New Data Makes Case for Anchovy Abundance as Oceana Lawsuit Continues
New, preliminary data from the California Cooperative Oceanic Fisheries Investigations (CalCOFI) have provided further evidence that California’s anchovy population is now at record high levels. The data come amid a renewed lawsuit by the environmental group Oceana that seeks to reduce the already very limited amount of anchovy caught commercially in California.
The preliminary data from the Southwest Fisheries Science Center Larval Lab weekly report on September 16 show that the 2019 spring CalCOFI survey documented the highest abundance of larval anchovy off the coast of California ever recorded — nearly double the record amount from the mid-1960s. It did not even include the tens of thousands of tons of anchovy that fishermen have reported in nearshore waters since 2015. This is the latest piece of evidence that the anchovy population is far more resilient than Oceana alleges, according to the California Wetfish Producers Association.
Scientists have found that anchovy undergo large dynamic population swings naturally, even without fishing, and the precautionary fishing limits allowed have not harmed the ecosystem.
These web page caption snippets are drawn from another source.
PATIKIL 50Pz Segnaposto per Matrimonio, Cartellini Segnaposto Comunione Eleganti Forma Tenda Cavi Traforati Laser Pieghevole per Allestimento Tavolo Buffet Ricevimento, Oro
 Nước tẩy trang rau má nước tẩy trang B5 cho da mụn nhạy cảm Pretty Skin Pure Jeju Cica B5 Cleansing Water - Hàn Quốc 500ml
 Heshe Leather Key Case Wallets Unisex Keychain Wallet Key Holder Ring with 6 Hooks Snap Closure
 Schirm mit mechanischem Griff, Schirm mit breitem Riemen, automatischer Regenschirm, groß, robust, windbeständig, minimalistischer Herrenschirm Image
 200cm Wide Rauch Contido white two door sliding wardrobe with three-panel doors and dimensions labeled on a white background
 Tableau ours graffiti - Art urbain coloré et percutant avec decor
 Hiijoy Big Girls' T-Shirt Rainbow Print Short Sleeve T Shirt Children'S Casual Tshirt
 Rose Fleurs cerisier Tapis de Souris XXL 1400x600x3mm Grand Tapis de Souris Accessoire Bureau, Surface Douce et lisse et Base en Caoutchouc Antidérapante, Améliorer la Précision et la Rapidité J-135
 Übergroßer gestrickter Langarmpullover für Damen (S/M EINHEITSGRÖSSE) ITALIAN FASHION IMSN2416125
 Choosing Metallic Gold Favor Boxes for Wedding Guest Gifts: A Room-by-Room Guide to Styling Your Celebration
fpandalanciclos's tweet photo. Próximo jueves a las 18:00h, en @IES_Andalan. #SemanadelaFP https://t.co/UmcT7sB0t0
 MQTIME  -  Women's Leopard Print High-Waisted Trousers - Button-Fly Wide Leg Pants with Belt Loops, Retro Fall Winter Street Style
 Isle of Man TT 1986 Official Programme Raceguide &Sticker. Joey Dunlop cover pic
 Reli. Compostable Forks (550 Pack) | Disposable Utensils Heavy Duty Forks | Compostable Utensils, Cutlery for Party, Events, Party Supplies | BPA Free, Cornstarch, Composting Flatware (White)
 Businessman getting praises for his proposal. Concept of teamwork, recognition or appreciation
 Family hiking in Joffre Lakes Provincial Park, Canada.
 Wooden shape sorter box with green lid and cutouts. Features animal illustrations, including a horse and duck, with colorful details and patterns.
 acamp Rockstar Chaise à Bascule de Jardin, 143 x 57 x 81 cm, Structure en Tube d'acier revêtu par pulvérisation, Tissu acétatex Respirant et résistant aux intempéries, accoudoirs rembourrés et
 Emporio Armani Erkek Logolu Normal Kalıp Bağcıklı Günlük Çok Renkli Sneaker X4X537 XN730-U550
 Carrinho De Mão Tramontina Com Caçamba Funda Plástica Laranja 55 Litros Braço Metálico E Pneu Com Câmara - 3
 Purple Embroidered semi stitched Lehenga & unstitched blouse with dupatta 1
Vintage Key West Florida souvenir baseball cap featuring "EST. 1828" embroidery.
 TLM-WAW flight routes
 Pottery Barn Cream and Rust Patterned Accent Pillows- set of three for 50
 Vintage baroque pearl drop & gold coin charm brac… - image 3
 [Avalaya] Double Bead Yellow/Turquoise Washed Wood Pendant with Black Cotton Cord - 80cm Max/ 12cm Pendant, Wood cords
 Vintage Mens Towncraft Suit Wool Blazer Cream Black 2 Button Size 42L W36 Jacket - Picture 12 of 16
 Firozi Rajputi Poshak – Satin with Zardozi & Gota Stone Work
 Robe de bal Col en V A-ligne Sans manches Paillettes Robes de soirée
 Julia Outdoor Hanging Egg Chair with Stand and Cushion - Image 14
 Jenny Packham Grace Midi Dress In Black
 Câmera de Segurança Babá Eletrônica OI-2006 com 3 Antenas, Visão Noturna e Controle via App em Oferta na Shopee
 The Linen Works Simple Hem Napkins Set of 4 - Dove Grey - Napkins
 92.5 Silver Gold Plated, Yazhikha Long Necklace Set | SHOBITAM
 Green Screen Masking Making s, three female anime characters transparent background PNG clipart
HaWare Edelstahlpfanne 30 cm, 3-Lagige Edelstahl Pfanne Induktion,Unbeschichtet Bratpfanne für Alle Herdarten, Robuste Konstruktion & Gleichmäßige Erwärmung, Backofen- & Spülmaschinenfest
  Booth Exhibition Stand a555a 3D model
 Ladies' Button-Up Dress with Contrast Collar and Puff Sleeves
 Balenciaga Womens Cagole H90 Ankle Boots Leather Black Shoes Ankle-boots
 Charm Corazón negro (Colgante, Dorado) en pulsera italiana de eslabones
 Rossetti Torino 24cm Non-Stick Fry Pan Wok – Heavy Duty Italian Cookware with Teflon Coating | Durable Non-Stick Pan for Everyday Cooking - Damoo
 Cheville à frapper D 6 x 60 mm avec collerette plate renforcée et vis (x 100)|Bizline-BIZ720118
But despite the latest evidence of anchovy abundance, Oceana is suing to further limit California’s small anchovy fishery.
Members of the Wetfish Producers Association have long held that massive schools of anchovies, particularly in California’s inshore areas, have not been properly counted. CWPA has worked to confirm the observations of its members in cooperative surveys with the Southwest Fisheries Science Center and the California Department of Fish and Wildlife. These nearshore surveys add evidence to the preliminary CalCOFI data: there are tens of thousands of tons of anchovies in inshore California waters, in addition to record abundance offshore. This explosion occurred in the presence of this small, historical fishery.
“There is an increasingly large body of evidence showing that anchovies are far more abundant than the allegations in Oceana’s lawsuit recognize,” Diane Pleschner-Steele, executive director of CWPA, said in a press release. “It’s why efforts to further restrict anchovy fishing are both unnecessary and harmful to West Coast fishing communities.”
However, Oceana still seeks stricter limits on the allowable catch of the central subpopulation of northern anchovy, which is currently set at 23,573 metric tons annually as a result of prior court rulings. The fishery typically catches less than 10,000 metric tons annually of this legally allowed amount.
” … the new rule would allow 23,573 metric tons of catch regardless of whether the population rapidly declines to very small levels, was at its historic average size, or was in a boom period. This unchanging catch limit ignores the agency’s legal duties to apply the best available science to anchovy management, and its non-discretionary
duty to adjust the catch limits based on best available science to prevent overfishing in the down years,” Oceana said in its most recent lawsuit.
The group said the Council should follow an annual management strategy that “sets annual catch limits based on the current estimates of abundance from acoustic trawl surveys that would prevent overfishing and ensure sufficient food for ocean wildlife in the future,” Oceana says on its website.
However, the additional studies show an overall picture of anchovy abundance that is higher than that shown by the acoustic trawl survey alone. Oceana representatives have argued in the past that the acoustic trawl survey is the most technologically advanced method — and therefore, the best science available — for assessing anchovy abundance. Industry members countered that identifying the amount of anchovies in nearshore areas using scientifically proven methods adds to the cumulative best available science; therefore, fishery managers should make their decisions based on information from the entire suite of available data.
In August, CWPA filed to intervene in Oceana’s latest lawsuit in order to participate in the proceedings and represent the interests of its members and fishing communities before the court. CWPA believes that the additional restrictions on the anchovy harvest being sought by the lawsuit are unnecessary, and would result in significant job loss and economic hardship for California’s wetfish fishermen and processors, and by extension, California communities and the state’s fishing economy.
“We believe that the evidence will show that anchovy is being managed precautionarily and with the conservation of the species in mind,” Pleschner-Steele said. “Best management practices and the best available science do not support the claims of overfishing made in the lawsuit.”